Print exactly the lines below between the line holding "I did go for" and the line holding "Our air temperature", inclusive, and nothing more.

* _LISTED ENTRIES_

★ ★ ★ ★ ★

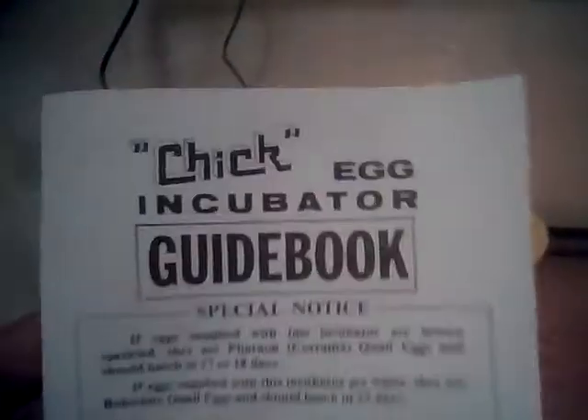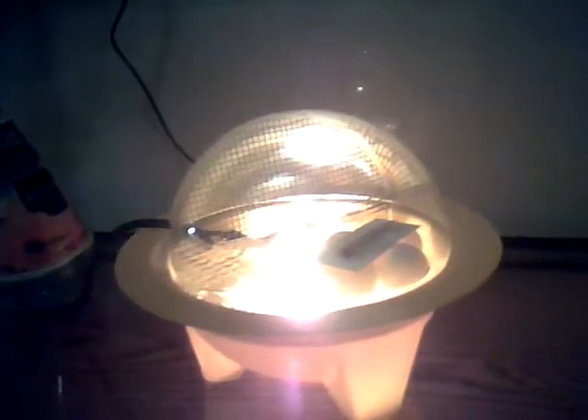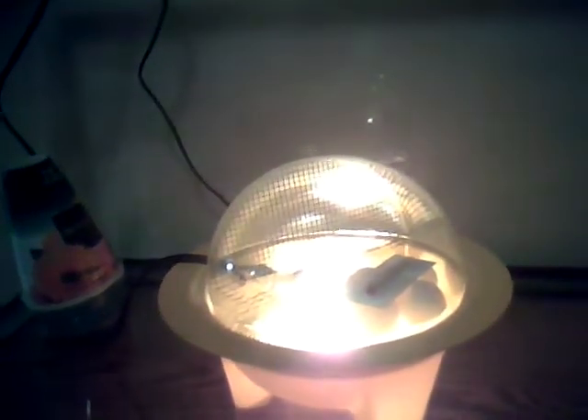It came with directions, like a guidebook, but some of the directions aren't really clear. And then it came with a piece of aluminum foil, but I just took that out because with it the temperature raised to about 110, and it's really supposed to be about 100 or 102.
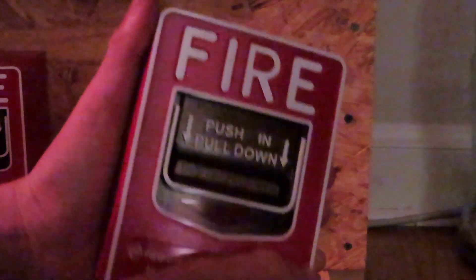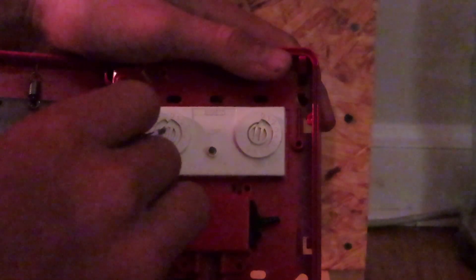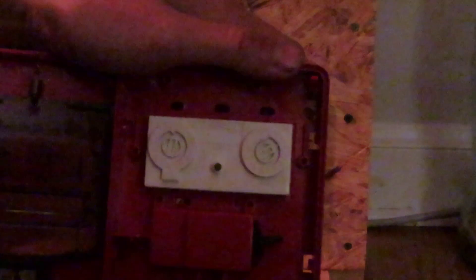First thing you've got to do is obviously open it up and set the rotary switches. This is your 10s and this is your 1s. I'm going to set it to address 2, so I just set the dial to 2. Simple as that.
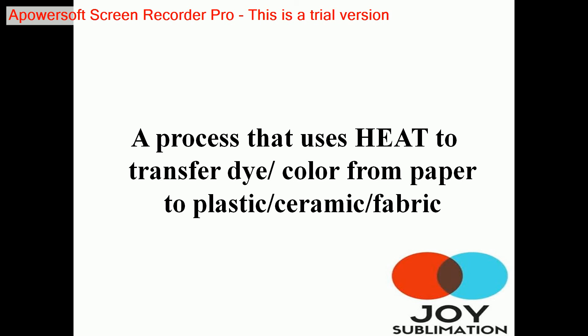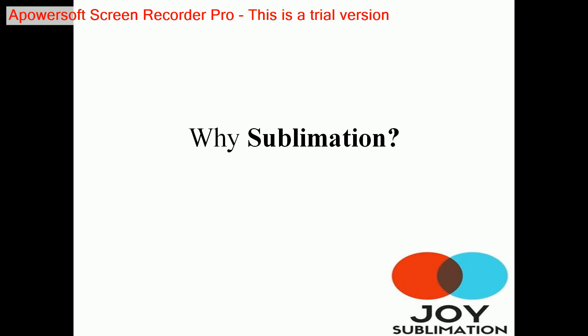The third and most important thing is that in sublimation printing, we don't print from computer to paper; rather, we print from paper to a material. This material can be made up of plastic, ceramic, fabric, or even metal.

★ ★ ★ ★ ★

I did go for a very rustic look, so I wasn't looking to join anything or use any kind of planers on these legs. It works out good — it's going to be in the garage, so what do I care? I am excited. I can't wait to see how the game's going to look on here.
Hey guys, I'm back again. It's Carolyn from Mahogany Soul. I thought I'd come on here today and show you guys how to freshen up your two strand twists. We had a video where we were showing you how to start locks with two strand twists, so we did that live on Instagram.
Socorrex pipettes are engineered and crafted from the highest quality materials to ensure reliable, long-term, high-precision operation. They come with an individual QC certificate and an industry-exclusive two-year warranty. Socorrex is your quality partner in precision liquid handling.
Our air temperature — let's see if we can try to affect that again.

★ ★ ★ ★ ★

* _EXERCISE OUTPUT_
I did go for a very rustic look, so I wasn't looking to join anything or use any kind of planers on these legs. It works out good — it's going to be in the garage, so what do I care? I am excited. I can't wait to see how the game's going to look on here.
Hey guys, I'm back again. It's Carolyn from Mahogany Soul. I thought I'd come on here today and show you guys how to freshen up your two strand twists. We had a video where we were showing you how to start locks with two strand twists, so we did that live on Instagram.
Socorrex pipettes are engineered and crafted from the highest quality materials to ensure reliable, long-term, high-precision operation. They come with an individual QC certificate and an industry-exclusive two-year warranty. Socorrex is your quality partner in precision liquid handling.
Our air temperature — let's see if we can try to affect that again.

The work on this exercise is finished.